Thus men could see Him, watch Him, touch Him, talk with Him, from babyhood to the grave (1 John 1.1-4). And those who went around with Him saw Him under every circumstance. As John could say elsewhere, ‘That which was from the beginning, which we have heard, which we have seen with our eyes, which we have gazed upon, and touched with our hands - of the Word of life’ (1 John 1.1). It was to be no fleeting glimpse. It was a day by day contact with, and awareness of, the One Who was the Word. They had walked with Him and lived with Him among the everyday problems and trials of life, and what they had seen had only convinced them the more that they had seen ‘the glory as of the only begotten of the Father’. Indeed Jesus will later explain to them that in Him they have seen the Father Himself (14.7-9).

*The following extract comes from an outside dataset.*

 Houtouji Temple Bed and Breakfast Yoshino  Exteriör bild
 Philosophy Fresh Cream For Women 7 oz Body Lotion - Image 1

‘The only begotten of the Father.’ As noted it is important to note that the emphasis and emphatic idea behind the term ‘begotten’, as with the use of the term ‘the Son’ in parallel with ‘the Father’, was that He was of the same nature as the Father. It is stressing that He was not created, but was truly God. But as with all human pictures it must not be overpressed. As John has already indicated it does not indicate that He came into existence after the Father, for He always ‘was’ (1.1).

‘And tabernacled among us’. The Greek word is eskenosen. The glory of God had come down on the Tabernacle of old, but it was a glory which had only partly been revealed, for when He was there the cloud hid him from men’s sight. Now His glory had again descended, again shielded in a Tabernacle, but this time the tabernacle was a human body. In this case God only begotten had been ‘made flesh’.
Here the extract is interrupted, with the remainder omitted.